Born in 1950, Charles was the oldest of three boys born to electrician Andrew (now 89) and his late wife Cora, who died three years ago, aged 82.
"I have two brothers, Russell and Leslie, who were born three years apart and who both sadly passed away when they were 16 years old as a result of multiple sclerosis," he says.
"I was in my late 20s at the time and living in London. It was a terrible blow for the whole family. They were incredible young men with very big hearts.
"My mum and dad were amazing. To suffer the loss of one child was hard enough, but two ..."
Charles got hooked on music in his early teens after hearing Love Me Do by The Beatles on the kitchen radio.
"It stopped me in my tracks," he recalls. "And I'm still a huge fan of the band. It was such a joyous, uplifting sound.
"When I was about 15, a mate of mine at the time, a guy called Vince McCusker who played guitar, formed a group called Blues by Five and I started to manage them.
"And yes, we didn't have a phone in the house at that time, so my contact number was a nearby phone box," he laughs. "But it worked very well."
At secondary school, he excelled at technical drawing and maths and, aged only 17, Charles left Magherafelt to study for an ONC in civil engineering at Twickenham College of Technology in London.
"Civil engineering wasn't what I wanted to do, but I really wanted to go to London and this was a way of getting there," he says.
"London was an incredibly exciting place to be in those days and I think my mum was quite worried because I was so young, but she didn't want to hold me back.
"To be honest, I was pretty scared at first and during the first month, I wrote to my mum every night. If I could have afforded to come home, I would have.
"Luckily, I met a lovely girl from Co Clare, just before I came home for Christmas, so I had something to look forward to going back.
"And it was easy to stay out of trouble and away from the excesses that were around at that time.
"Looking back, I can see that I was pretty driven. I knew what I wanted to do and what I enjoyed doing – gigs, cinema, reading books – and stuck to that.
"Writing actually came about by accident, as I first started doing it to return a few favours.
"When I was managing Blues by Five, I used to hassle journalists to write about the band in the local papers. Then when I moved to London, those same journalists would ask me to review Irish acts such as Rory Gallagher who were playing over there, and get some quotes.

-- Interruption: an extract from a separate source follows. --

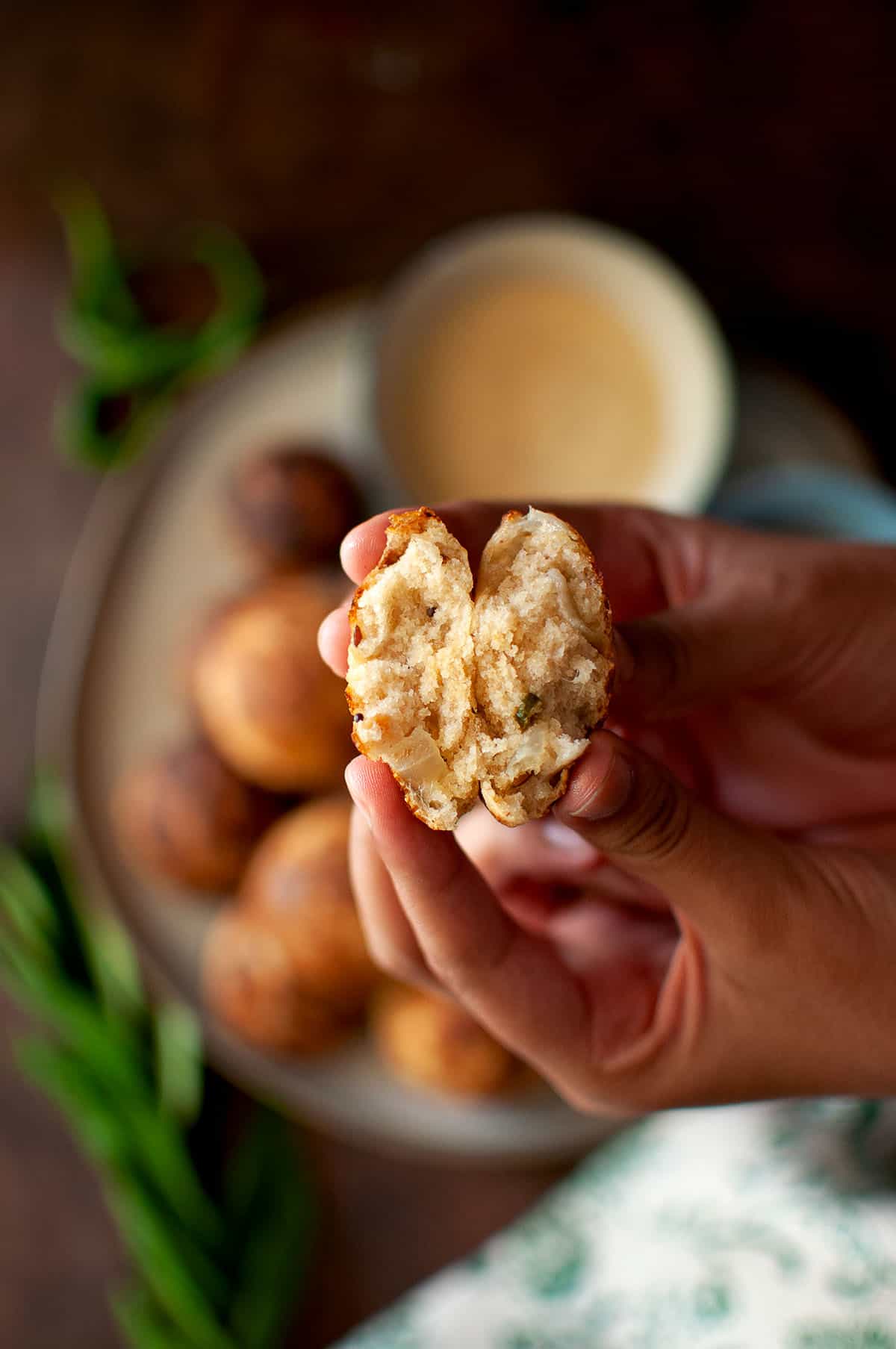 Hand holding halved paddu.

"I also started writing for London music magazines in my spare time and after my course finished, I stayed on.
"I had kept in touch with Vince, who by then had formed another band called, Fruupp.
"They came over to London and I arranged a number of showcase gigs for them and got some managers and record companies to come along.

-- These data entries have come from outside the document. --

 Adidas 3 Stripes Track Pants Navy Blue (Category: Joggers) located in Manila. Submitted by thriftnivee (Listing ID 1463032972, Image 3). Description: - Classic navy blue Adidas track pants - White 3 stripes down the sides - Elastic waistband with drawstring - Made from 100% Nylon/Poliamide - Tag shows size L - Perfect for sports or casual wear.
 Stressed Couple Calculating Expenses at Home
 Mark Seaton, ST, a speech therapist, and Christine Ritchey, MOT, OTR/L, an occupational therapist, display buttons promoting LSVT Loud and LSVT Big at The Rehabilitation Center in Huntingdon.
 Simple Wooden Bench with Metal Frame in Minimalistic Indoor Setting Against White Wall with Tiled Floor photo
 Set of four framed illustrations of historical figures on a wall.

"But they didn't get a deal, or a manager, so I took on the role and it was through managing them, that I got into the business.
"Fruupp were together for four years and released four albums."
It was during his time looking after the band, that Charles met Paul Fenn, now his partner at Asgard.
"Paul used to book acts into venues and I would ring him up and persuade him to give Fruupp some gigs. We got to know each other really well and after Fruupp split, I started working with him doing the booking and acting as an agent for other groups.
"I was still writing music reviews and articles and I really enjoyed doing it. I had also discovered detective novels and started writing a bit of fiction myself while on the road with bands, or in my spare time."
In 1996, Charles wrote his first Detective Inspector Christy Kennedy Mystery, I Love the Sound of Breaking Glass, which was published the following year.
Nine further Christy Kennedy titles followed, then two Inspector Starrett Mysteries, a novel about the Beatles, called First of the True Believers, a non-fiction book, The Complete Guide to Playing Live, and the two novels, The Last Dance and The Prince of Heaven's Eyes (a novella named after the final Fruupp album).
His latest work may be about matchmaking, but it took Charles a long time to find 'the one'. At the age of 48 he married property relocation agent Catherine, and he blames the lengthy delay in finding love on the nature of his job.
"Sometimes you are so involved in what you are doing and enjoying what you are doing that it's not that you make the decision not to get involved in a relationship, it just doesn't occur to you," he says.
"However, I always thought that there was someone special out there waiting for me and when I was 47, I met a wonderful woman from Donegal called Catherine, so I was right," he laughs.
Loving music so much and working in the business, did he never want a bit of the limelight for himself and try to make it in a band?
"Never," he insists. "What people don't realise is that being in a band is a really, really hard life. Yes, some make a lot of money, and some don't, but when you are on tour, you're lucky if you get two hours' peace each day – and those two hours are when you are on stage.
"It's especially so nowadays with all the extra-curricular stuff such as the constant media promotion that you have to do as well. This often starts at 7am and there's more to do when you come off stage.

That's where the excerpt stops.